Although the ramifications took longer to come to fruition this time around than they did eight years earlier, the 2011 loss to the Lightning spurred on a significant change to the team’s makeup. After Hunter returned to his London Knights junior team back home in Ontario, McPhee handed the reins to Adam Oates in June 2012. What came to pass was a two-year downward spiral that ended with the team missing the playoffs entirely for the first time in seven years, and Leonsis “blew up” the front office, replacing McPhee and Oates with Brian MacLellan and Barry Trotz, respectively.

If the favored Lightning were to make it 3-for-3 in the playoffs against the Capitals, would we see similarly profound changes to the structure of the team this time? It’s possible.

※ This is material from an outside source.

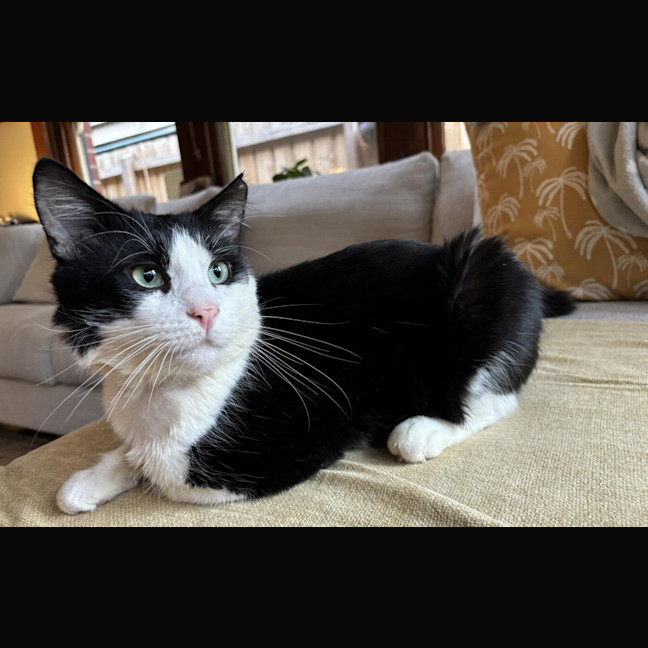 Photo of Hugo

Trotz is in the final year of the contract he signed in 2014, and if reports are to be believed, he already knows that his days in the DMV are numbered. Trotz was the first hire made four years ago this month by Leonsis and team president Dick Patrick before MacLellan was promoted from within. Personally, I don’t think that there’s any path in place for Trotz to return next year. Either MacLellan will not re-sign him for performance or philosophical reasons, or Trotz will utilize his first-ever conference final appearance as leverage for a better deal elsewhere with a different team. But with that being said, the only vacancy left is with the Rangers, so that aspect may have deteriorated some in the last week.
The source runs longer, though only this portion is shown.